» Task details
Every line from the one with "House with 2 bedrooms in Casola di Napoli" to the end of the listing, and nothing else, is to be printed exactly; please leave the pictures out.

» Input for this task
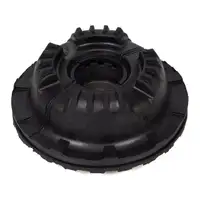 febi 33719 Federbeinst&uuml;tzlager Domlager f&uuml;r AUDI A4 B8 A5 8T Q5 8R vorne links/rechts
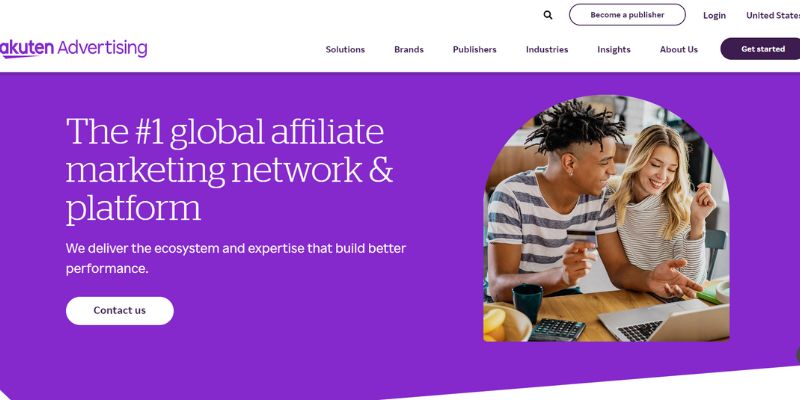 Influencer Affiliate Programs 6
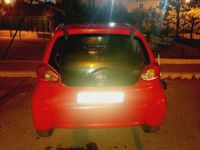 occasion Toyota Aygo 1.0 VVT-i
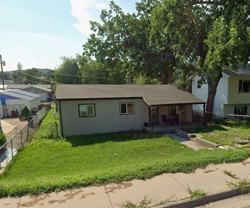 927 Blaine Ave - Photo 1 of 1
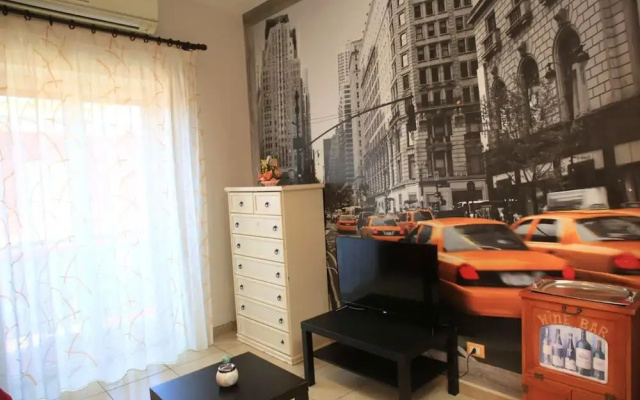 House with 2 bedrooms in Casola di Napoli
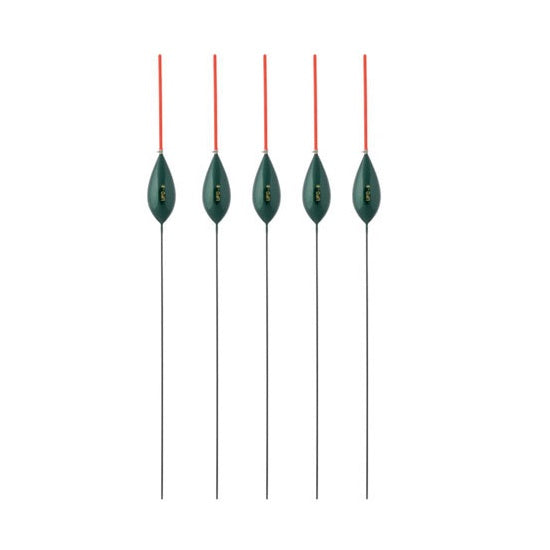 Pluta Maver UFO Series 9 2.5g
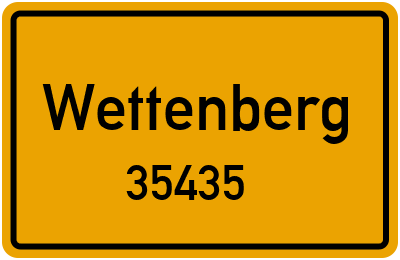 35435 Wettenberg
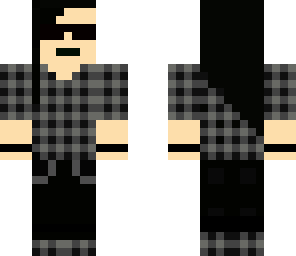 skrillex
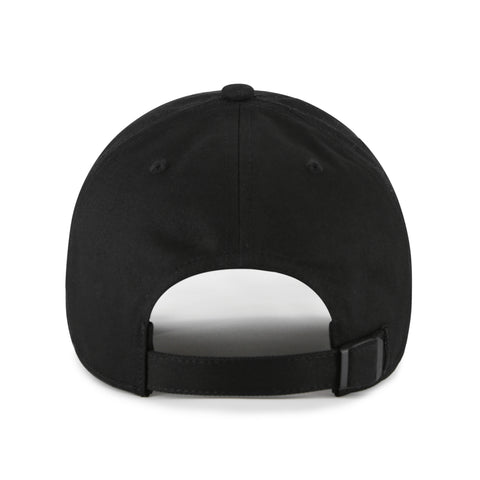 HOUSTON ASTROS TONAL CONTEMPORARY BASICS '47 CLEAN UP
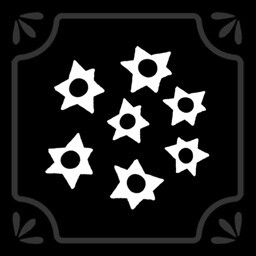 Achievement icon — A Perfect Hunt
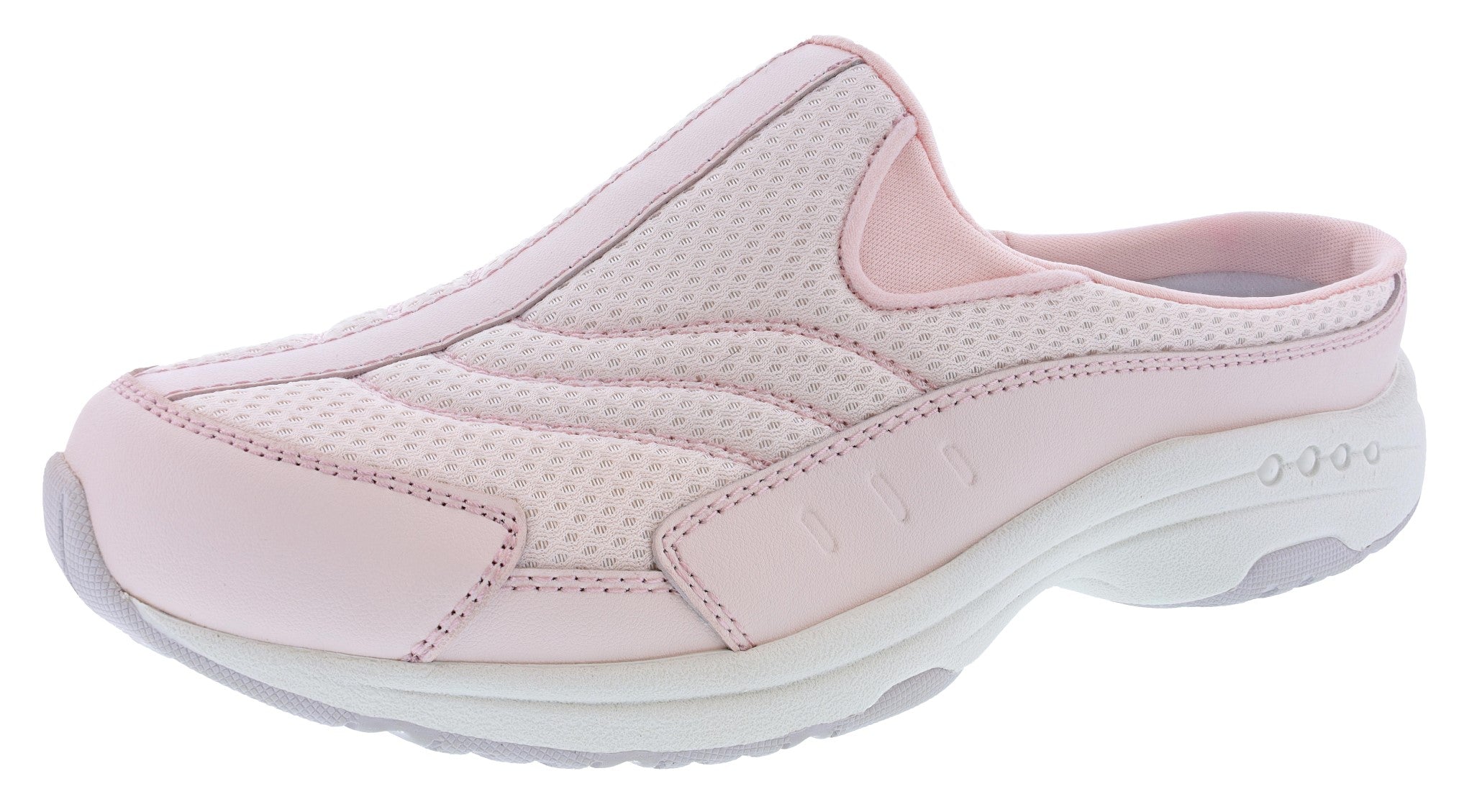 Easy Spirit Women's TravelTime Walking Shoes、mySite、dreamappss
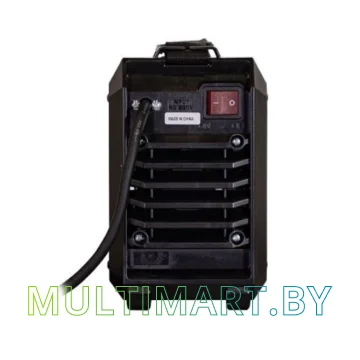 Сварочный аппарат Aurora Maximma 2000 V.3 Richip картинка 7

» Your response
 House with 2 bedrooms in Casola di Napoli
 Pluta Maver UFO Series 9 2.5g
 35435 Wettenberg
 skrillex
 HOUSTON ASTROS TONAL CONTEMPORARY BASICS '47 CLEAN UP
 Achievement icon — A Perfect Hunt
 Easy Spirit Women's TravelTime Walking Shoes、mySite、dreamappss
 Сварочный аппарат Aurora Maximma 2000 V.3 Richip картинка 7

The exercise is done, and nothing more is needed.